Asheville Police Department has lost more than a third of its officers. "A lot of our experience is walking out the door," Chief David Zack said. Photo / Clark Hodgin, The New York Times
As protests surged across the country last year over the death of George Floyd at the hands of the Minneapolis police, Officer Lindsay C. Rose in Asheville, North Carolina, found her world capsized.
Various friends and relatives had stopped speaking to her because she was a cop. During a protestin June around Police Headquarters, a demonstrator lobbed an explosive charge that set her pants on fire and scorched her legs.
She said she was spit on. She was belittled. Members of the city's gay community, an inclusive clan that had welcomed her in when she first settled in Asheville, stood near her at one event and chanted, "All gay cops are traitors," she said.
By September, still deeply demoralised despite taking several months off to recuperate, Rose decided that she was done. She quit the Police Department and posted a sometimes bitter, sometimes nostalgic essay online that attracted thousands of readers throughout the city and beyond.

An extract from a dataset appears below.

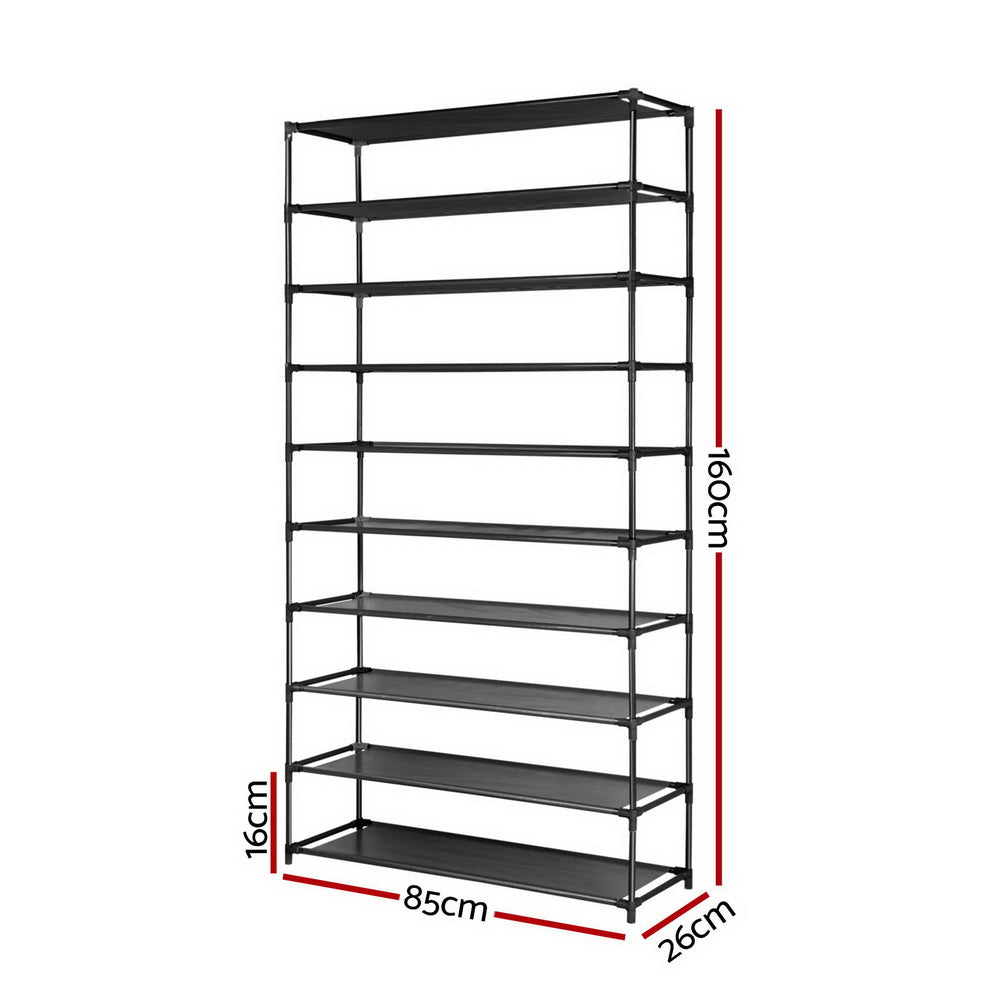 Artiss Shoe Rack 10-Tier (50 Pair) Shoes Organiser DIY Stackable Organizer Storage Shelf Stand Holder Portable Wardrobe Black-1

"I'm walking away to exhale and inhale, I'm leaving because I don't have any more left in me right now," she wrote. "I'm drowning in this politically charged atmosphere of hate and destruction."
Rose was hardly alone. Thousands of police officers nationwide have headed for the exits in the past year.
A survey of almost 200 police departments indicated that retirements were up 45 per cent and resignations rose by 18 per cent in the year from April 2020 to April 2021 when compared with the previous 12 months, according to the Police Executive Research Forum, a Washington policy institute.
New York City saw 2,600 officers retire in 2020 compared with 1,509 the year before. Resignations in Seattle increased to 123 from 34 and retirements to 96 from 43. Minneapolis, which had 912 uniformed officers in May 2019, is now down to 699. At the same time, many cities are contending with a rise in shootings and homicides.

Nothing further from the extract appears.